@pisum, regarding kiwi, do you mean that they are referring to times when people buml back to genus by deliberately adding breanch disagreements? I agree this is not the leading disag I plementation issue from your original post. I quoted them because when I read your post on pisum, it seems as if, because you want the ob id as magnoliopsida - someone says the cid will already be magnoliopsida but I’m not sure - you want also to have your new id weigh more compared to the other users than what is original behavior. This would be a case of choosing an I’d based on the resulting cid more than based on your personal most accurate id.
It seems you want more functionality from the I’d system, specifically to choose the level of disagreement more finely. I want this as well for the reason I suggest (but it’s not impossible to live w/o).
I am discussing user id behaviour in the context of your specific post, which is proposing changes to the new id system with their rationale.
in my Pisum example (related to the proposed leading disagreement functionality), i’m mostly saying it makes no sense to introduce a difference between Observation Taxon and Community Taxon. if they plan to introduce leading disagreement, they should keep Observation Taxon = Community Taxon (except to the extent that the observer opts out of CID).

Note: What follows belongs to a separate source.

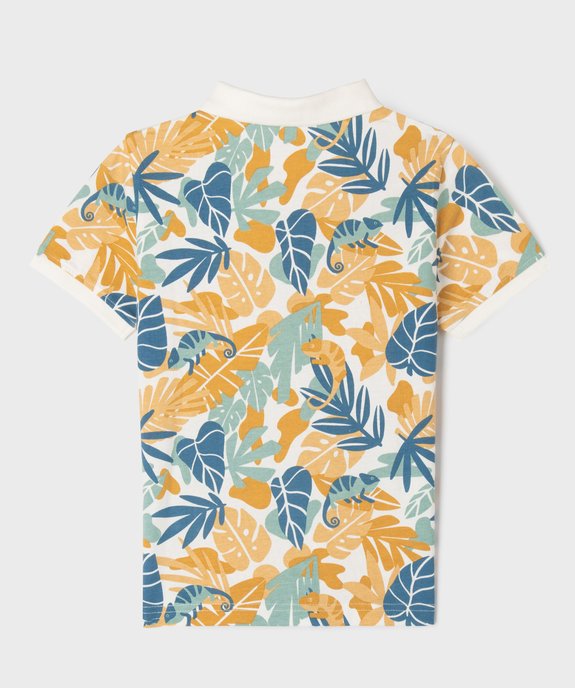 Polo imprimé fantaisie pour garçon vue3 - GEMO (ENFANT) - GEMO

i’m not proposing being able to select the taxon level for leading disagreement because i think that makes things unnecessarily complicated.
separately, i did suggest that maybe going from branch disagreement only to leading disagreement + branch disagreement may not be the best path. maybe the best path is to remove branch disagreement altogether (except for backward compatibility purposes) and replace with a model that allows you to specifically disagree with each of the existing IDs separately rather than being able to disagree with only aggregated community ID. however, i doubt they will want to go this route because it would require changing up their data model a little bit. so don’t think it’s worth pushing this too hard because it’s unlikely to go anywhere.
To circle back to Michele’s question
if iNat defaults to text which says bluntly
Diana disagrees
maybe a popup to let us overwrite the text as a comment spelling out what we mean. What we agree with. Or what we disagree with.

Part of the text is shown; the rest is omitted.